Some calendar information will be about those symptoms as well as risk factors, in addition to the various types of PH. The disease can occur among those with, for example, left-heart disease, as well as associated conditions including chronic obstructive pulmonary disease, sleep apnea, and scleroderma. Those with congenital heart disease may also be at risk.

According to a preview emailed to Pulmonary Hypertension News, the calendar will include the release of seven session recordings from the June 9-12 PHA 2022 International Conference and Scientific Sessions, held in Atlanta. The biennial conference provided information about PH research, treatment, and disease management, along with networking events and support group meetings.

The calendar also will offer shareable social media graphics, social media posts, posters, and flyers highlighting facts about PH. There will be information and resources on the following days to support various awareness month events:

  • Nov. 9: For chronic thromboembolic pulmonary hypertension (CTEPH) Awareness Day, the organization is separately offering a toolkit that includes sample social media posts, graphics, videos, a brochure, flyer and other materialsCTEPH is a form of pulmonary hypertension caused by blood clots that obstruct the pulmonary arteries.
  • Nov. 15: At 2 p.m. EST, there will be a live PHA webinar titled “2022 Focus on Pulmonary Hypertension Research,” in which PH experts will share research advances from the PHA 2022 conference, and their potential impact on patients.
  • Nov. 17: The Advocacy Day of Action, which is focused on oxygen access reform, will include an American Lung Association petition asking Congress to amend policies to assure that anyone who needs supplemental oxygen can get it.
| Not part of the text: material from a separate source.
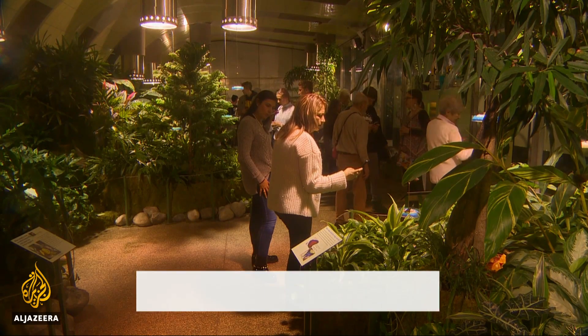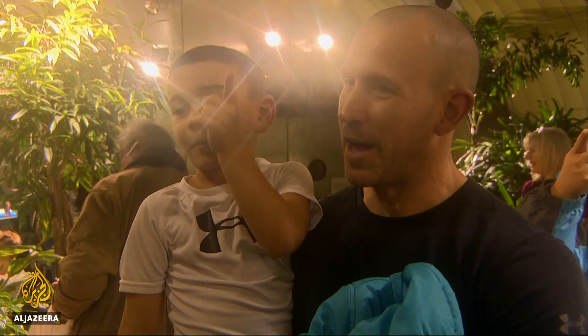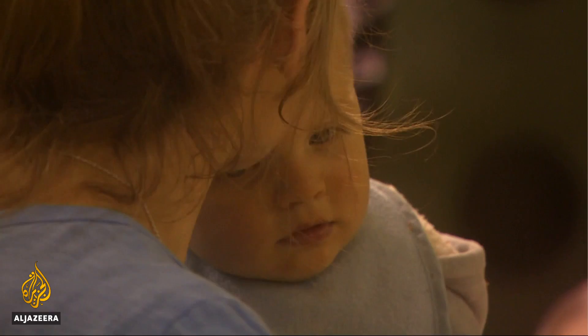The Natural History Museum's Butterfly Conservatory in New York offers a chance to get up close and personal with some of Mother Nature's most popular insects. From the Blue Morpho to the Monarch, this annual exhibit has been wowing visitors for 20 years.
For more information, check out the PHA’s Advocacy Action Center.
  • Nov. 29: Giving Tuesday is an invitation to join the global day of giving to support PH patients and help further PHA’s mission.

PH Awareness Month participants are encouraged to share calendar items with family, friends, media outlets, elected officials, and the general public so that they can learn about PH risk factors, symptoms, and diagnosis.
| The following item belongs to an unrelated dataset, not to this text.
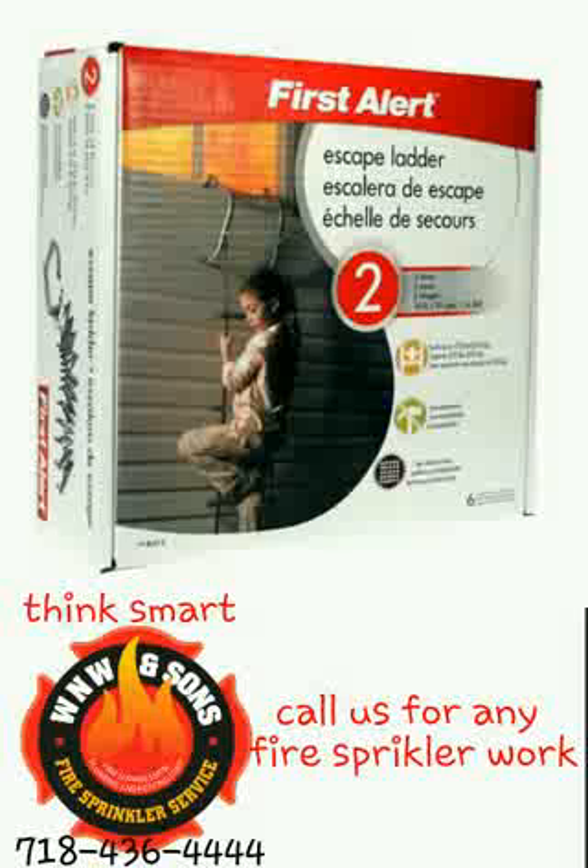There's a very simple solution. Just go online, Google it, go on Amazon or eBay. They sell them nowadays — actually for the past few years — collapsible fire escapes.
The organization is also offering an awareness month toolkit containing social media graphics, posts, and cover and profile photos, in addition to downloadable fact sheets, a customizable press release, an email signature, and fundraising tips.

PHA Canada marks month

Elsewhere, the Pulmonary Hypertension Association of Canada (PHA Canada) is marking Awareness Month by encouraging patients to share their story to media, work colleagues, or community groups, or by contributing to the organization’s Connections Magazine.

“If you or a loved one has been touched with pulmonary hypertension, you know that lack of awareness is one of our greatest challenges,” the organization states on an Awareness Month webpage. “But by coming together to raise awareness, each and every one of us can do our part to educate healthcare professionals, family members, friends, and the larger community of the challenges of living with pulmonary hypertension.”
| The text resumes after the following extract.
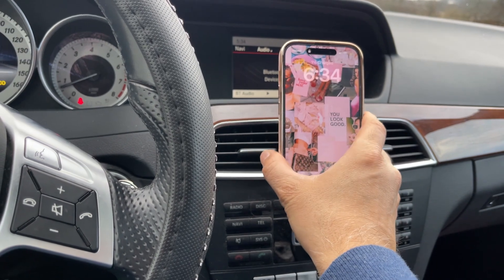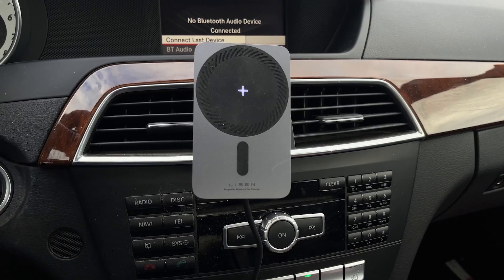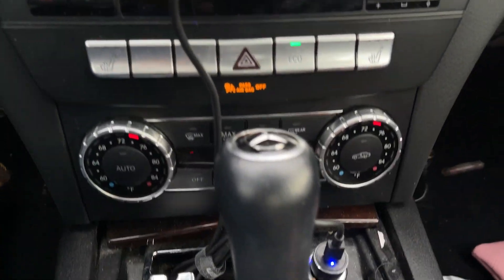The phone charged immediately upon placement and the magnetic hold is outstanding. I like the LED light at the ring center and the blue indicator light for power.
PHA Canada’s “Sometimes It’s PH” campaign seeks to increase PH awareness among care providers, encouraging them to refer patients suspected of having PH to a specialized PH Center for diagnosis and treatment options. The campaign covers pulmonary hypertension symptoms and risk factors such as sex, age, family history, pregnancy, associated conditions, altitude, obesity, and certain kinds of medications, including chemotherapy for cancer.

The organization also is providing, upon request, awareness month assistance and tools such as educational materials, a banner or table-top display, help with event flyer design and printing, distribution of event flyers to area community members, and event promotion. It’s also offering fundraising help, information sheets, and educational PH videos.

“If those affected by PH do not tell others about it, no one will,” PHA Canada said. “Education leads to earlier diagnosis and better access to effective treatment. By raising your voice, you can help us shine a spotlight on this disease and make everyone from doctors to politicians take notice.”